1.1 min readBy Published On: December 20th, 2023Categories: Features2 Comments on Remembering Bailey’s Ice Cream Shop

When I was kid, going to Bailey’s Ice Cream Shop was always a special treat.  I remember going after visiting the Enchanted Village at Jordan Marsh at Christmastime.  My mother always made sure my brother and I were dressed up – usually matching Rothschild coats.  We would walk a few blocks in the cold from Winter Street to 45 West Street.  Inside the shop were small marble topped tables with wrought iron legs and chairs.  You ordered your ice cream sundae from a counter and it was served in silver pedestal ice cream bowls on top of silver plates with long spoons.

After your sundae, you would look at the candy in glass display cases.  Sometimes my mother would get a pound of fudge for my grandfather.  For many, it was part of growing up in Boston.  It was a tradition that was passed down for generations.  Sadly, the legendary ice cream shop closed its doors in the late 80’s.

What’s your Bailey’s memory?

History Lesson

Opening in 1873 at 45 West Street, Bailey’s sold candy and ice cream.  The owners were John B. Bailey and D.H. Page.  When Bailey’s first opened, the shop focused on candy but later added ice cream.  Eventually, Bailey’s opened up 11 ice cream shops. 

Image via Dirty Old Boston Instagram 


  1. Judy Silva Nee June 17, 2023 at 8:40 am - Reply

    I think most of us experienced our maiden trips with our mothers , usually with piles of Filenes basement bags around our feet.

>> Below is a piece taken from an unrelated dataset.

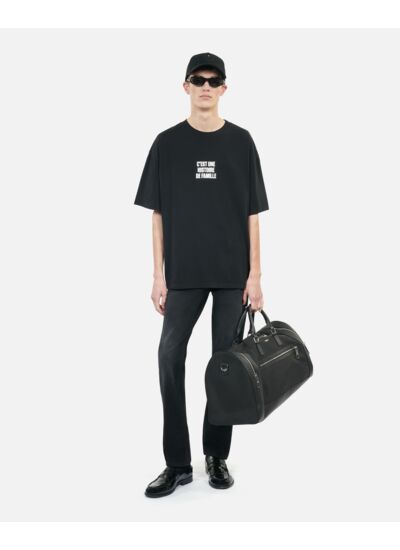 T-Shirt Noir Sérigraphie Histoire De Famille Homme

My mother introduced me to the decadence of a dripping butterscotch sundae where the usefulness of the silver plate upon which it sat was revealed. A glass of water from the self serve water machine – not bubbler – was part of the ritual and I remember it was usually difficult to find an unoccupied table. Later, when I worked at Filenes, I would make the trek for the best chocolate chip ice cream ever ( and a sneak peak at my crush behind the counter!) and I often wondered if anyone ordered the creme cheese and olive sandwich which was still listed in the beautifully hand written menu on the wall. Curses to Joey Crugnale, former owner of Bertuccis and Steve’s, for thinking he could improve on this Boston institution only to bury it. Lots of that going around…

  2. Annie Ryan December 21, 2023 at 1:54 pm - Reply

    My grandparents would make pilgrimage to Boston maybe twice a year. Gramma would wear a good suit, hat, gloves and a scarf. Grampa wore his brown suit and church overcoat. He would gleefully order two hot fudge sundaes and eat my half that I couldn’t finish.